## THE DATA
-=-=-

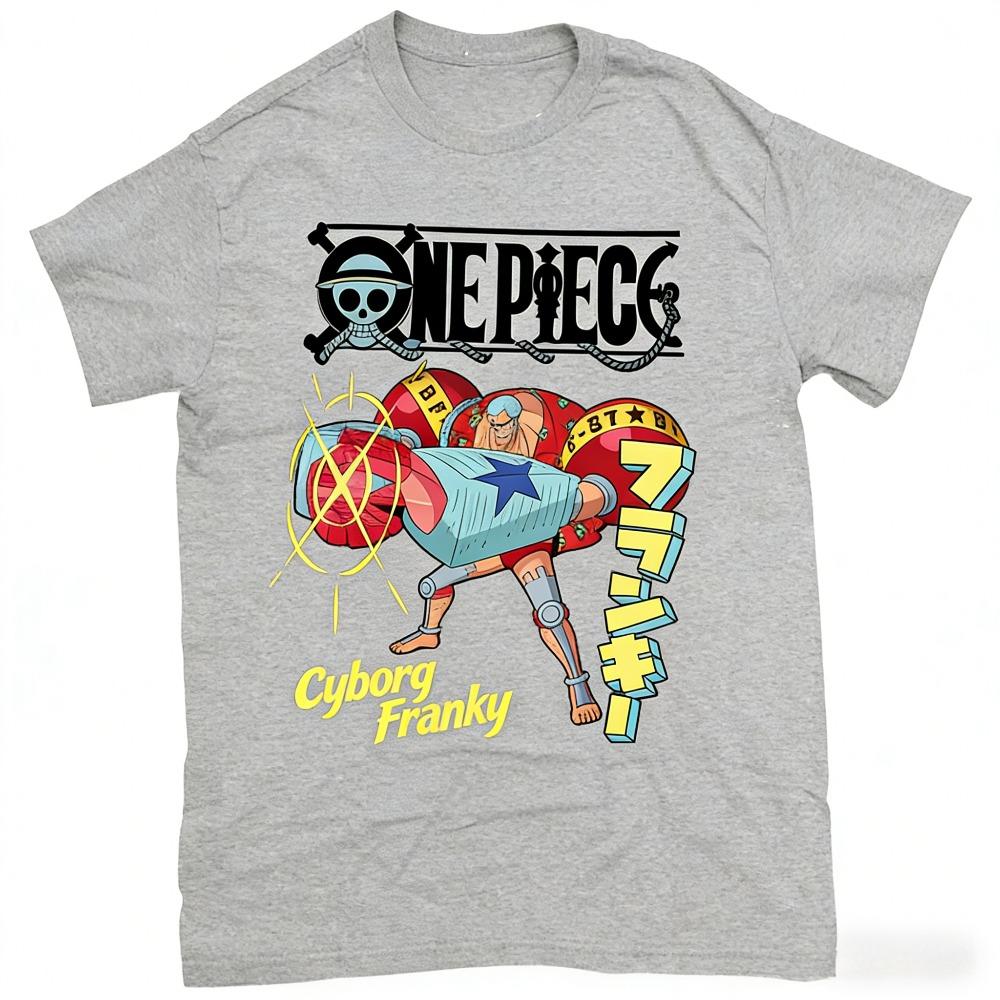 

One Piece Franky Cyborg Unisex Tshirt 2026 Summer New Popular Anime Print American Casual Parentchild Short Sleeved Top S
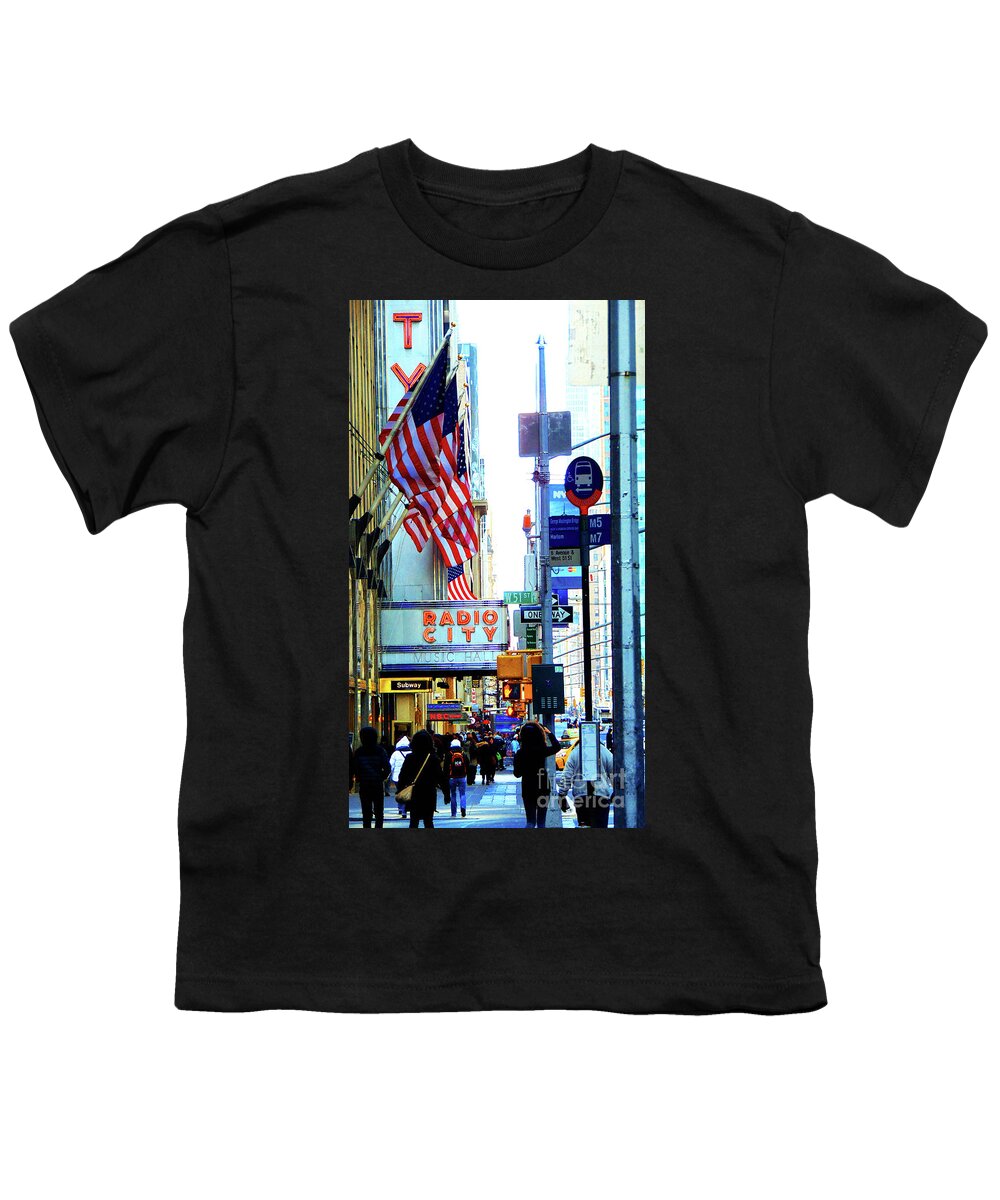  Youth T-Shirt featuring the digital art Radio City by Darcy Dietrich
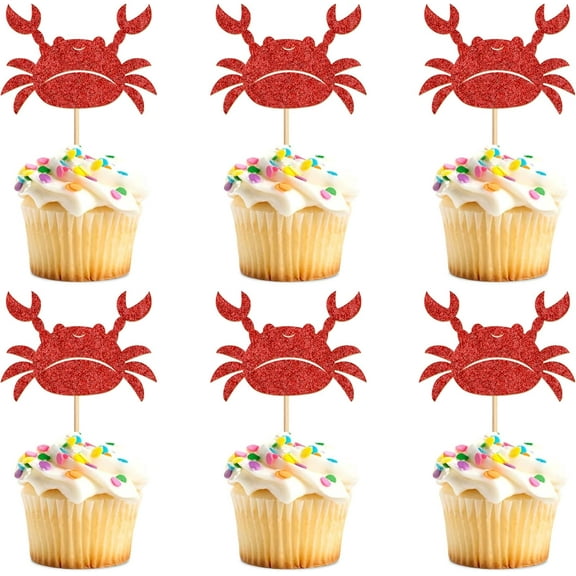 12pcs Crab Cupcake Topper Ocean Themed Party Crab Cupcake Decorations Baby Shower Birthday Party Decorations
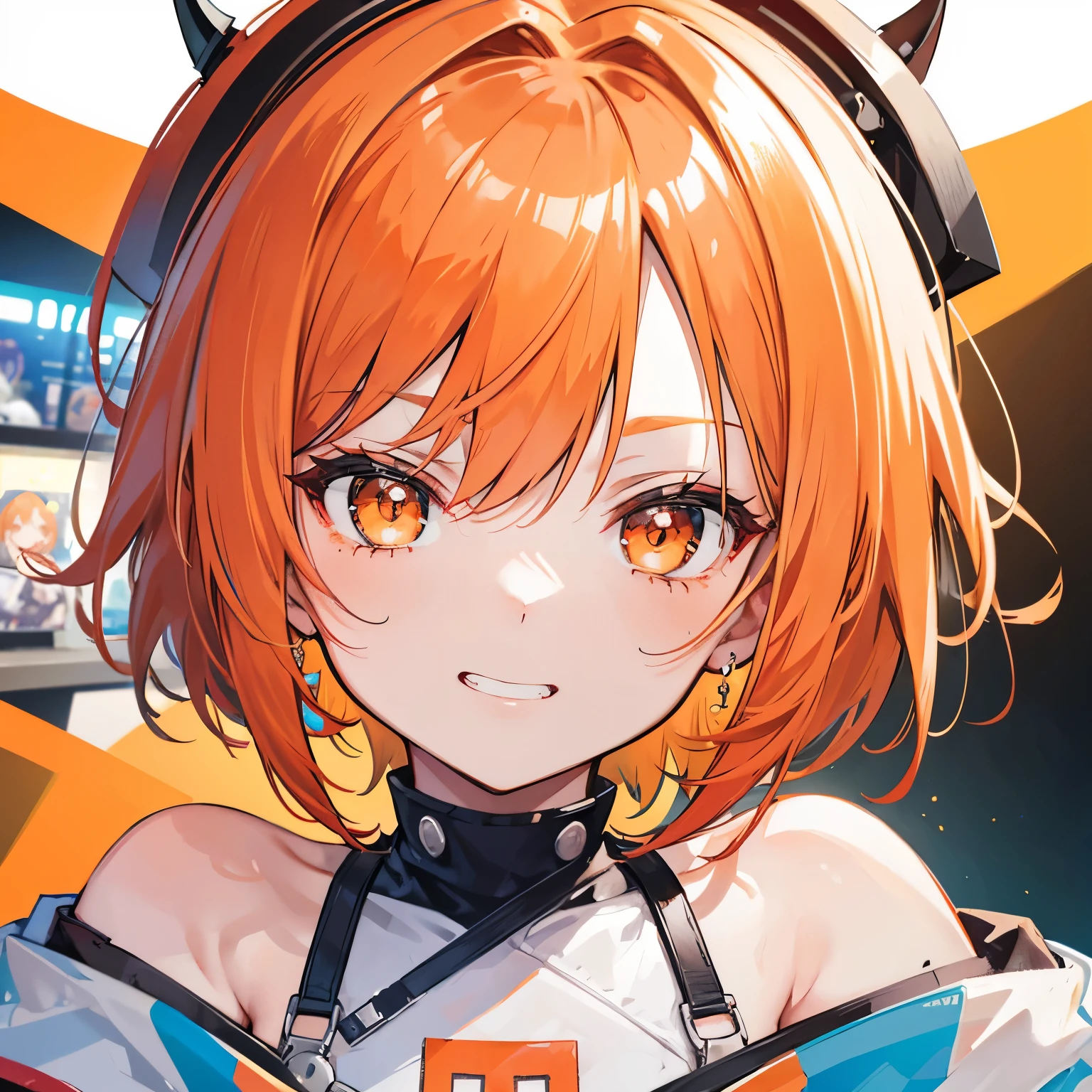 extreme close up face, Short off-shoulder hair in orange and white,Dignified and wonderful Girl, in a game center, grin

-=-=-

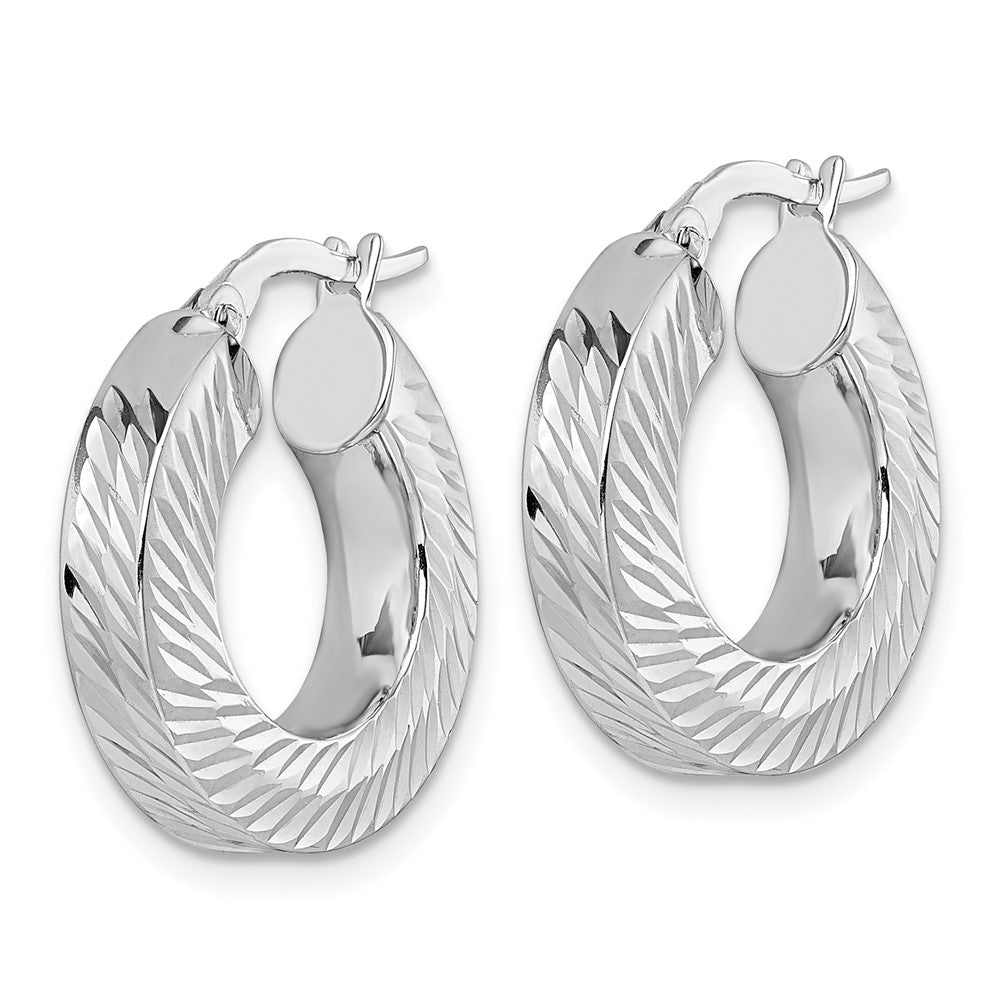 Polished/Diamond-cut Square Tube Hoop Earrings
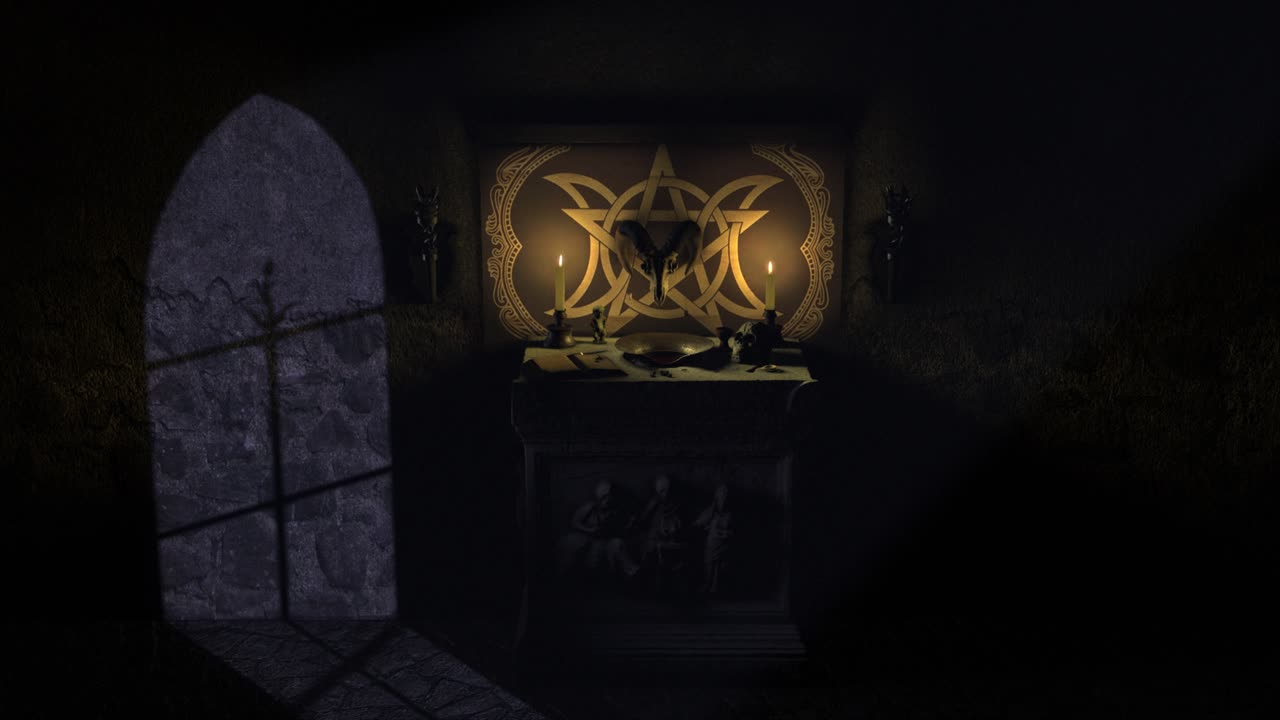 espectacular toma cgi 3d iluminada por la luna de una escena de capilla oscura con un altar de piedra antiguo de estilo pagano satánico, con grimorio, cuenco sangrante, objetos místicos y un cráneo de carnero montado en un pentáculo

-=-=-

## EXERCISE DESCRIPTION
A clean copy is needed of the lines in the listing above from the one with "One Piece Franky" through the one with "extreme close up", exact in every word and free of pictures.

## SOLUTION FOR THIS PROBLEM
One Piece Franky Cyborg Unisex Tshirt 2026 Summer New Popular Anime Print American Casual Parentchild Short Sleeved Top S
  Youth T-Shirt featuring the digital art Radio City by Darcy Dietrich
 12pcs Crab Cupcake Topper Ocean Themed Party Crab Cupcake Decorations Baby Shower Birthday Party Decorations
 extreme close up face, Short off-shoulder hair in orange and white,Dignified and wonderful Girl, in a game center, grin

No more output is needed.